Riprendo questo vecchio thread perché nessuna delle traduzioni offerte mi convince del tutto.

"Presa in carico del paziente" è un atto amministrativo per cui si comunica alla USL e alla Regione di competenza del paziente che il paziente verrà curato presso un certo ospedale/struttura per una determinata patologia (un paziente può essere preso in cura contemporaneamente da più strutture per patologie diverse, per esempio l'ospedale dove io lavoro è un centro oncologico, ma se un paziente preso in carico da noi è, diciamo, bipolare, per la la sua patologia psichiatrica può essere preso in cura da un ospedale psichiatrico). Questo significa che il paziente non deve più andare dal medico di base per farsi prescrivere gli esami e i farmaci necessari per ma lo specialista della struttura che lo ha preso in carico deve rilasciargli la ricetta e, se possibile, prescrivergli gli esami e le visite necessarie all'interno della struttura stessa.

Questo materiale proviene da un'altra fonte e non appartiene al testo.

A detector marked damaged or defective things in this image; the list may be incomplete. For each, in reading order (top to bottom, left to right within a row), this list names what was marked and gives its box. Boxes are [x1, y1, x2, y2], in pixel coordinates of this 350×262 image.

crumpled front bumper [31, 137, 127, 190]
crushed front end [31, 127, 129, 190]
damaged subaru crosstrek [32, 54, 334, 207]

Il paziente resta in carico alla struttura per tutto il periodo necessario (per esempio, un paziente terminale resta in carico alla struttura fino al decesso). Durante la presa in cura il paziente può essere seguito anche presso il domicilio (ospedalizzazione domiciliare), ma sempre dal personale della struttura che lo ha preso in carico (e.g. i nostri pazienti terminali vengono seguiti a casa dalla nostra divisione di cure palliative che garantisce almeno una visita medica e due accessi infermieristici a settimana). 

Presa in carico non è perciò "care" né "follow up" (che sono atti sanitari e non amministrativi)  e non è nemmeno "access to (continuity of) care" che, a mio parere, è qualcosa di pertinenza del paziente, non della struttura.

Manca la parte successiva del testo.